Friday, July 29, 2011

Noir: R. I. P. Frank Bender

DSC_1581 (2).jpg

Frank Bender and Bill Fleisher, NoirCon 2008

By Robert Moran Inquirer Staff Writer
 Frank Bender, 70, the world-renowned forensic sculptor whose hand-molded busts of unidentified murder victims and aging killers helped to crack cold cases, died Thursday at his home in Southwest Center City.

His most famous case involved John List, a New Jersey man who killed his family in 1971 and then disappeared. The producers of Fox's America's Most Wanted asked Mr. Bender to create a bust of List showing what he might look like 18 years later. A Virginia woman watching the show recognized the bust as her neighbor. List, who was living as Bob Clark, was arrested and convicted of the murders.

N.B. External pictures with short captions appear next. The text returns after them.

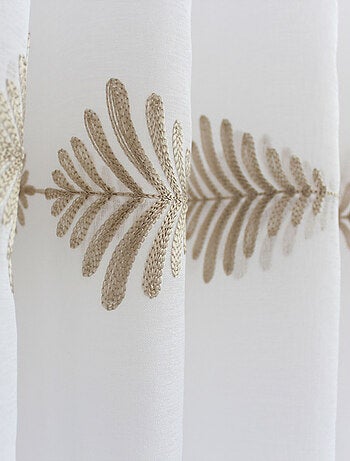 Visillo bordado con motivos vegetales lineales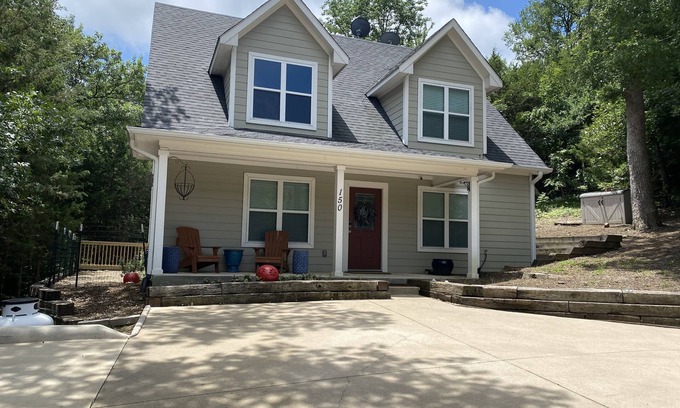 Pottsboro House | Texoma Lake - Cozi 4 Bedroom Home in Tanglewood, 1 mile from Highport Marina
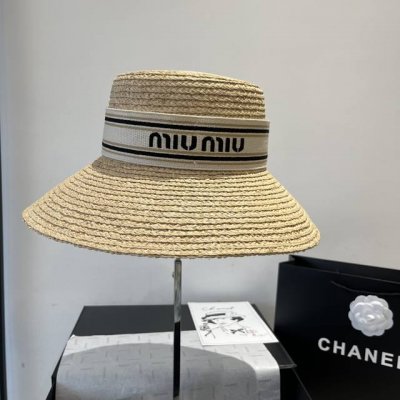 miumiu缪缪拉菲草帽 纯手工钩织供不应求 卖一个少一个 头围57Cm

"In many ways, Frank's bust of John List really launched America's Most Wanted into a national force for catching fugitives," host John Walsh said in 2009. "Whenever I get the tough cases, I call Frank."

Mr. Bender was diagnosed that year with pleural  mesothelioma, a cancer of the chest that he believed resulted from his exposure to asbestos in the engine room of a Navy ship. He was told he had only months to live.

"He had a whole extra year than anyone had anticipated. And he had a pretty good year," said his daughter Vanessa, who was in New York when her father died Thursday afternoon.
In recent weeks, with his days numbered, he was the subject of profiles in the New York Times and People magazine.

"He was thrilled," said Joan Crescenz, Mr. Bender's longtime business manager. "He felt really good about the Times article, and the People article took him over the top."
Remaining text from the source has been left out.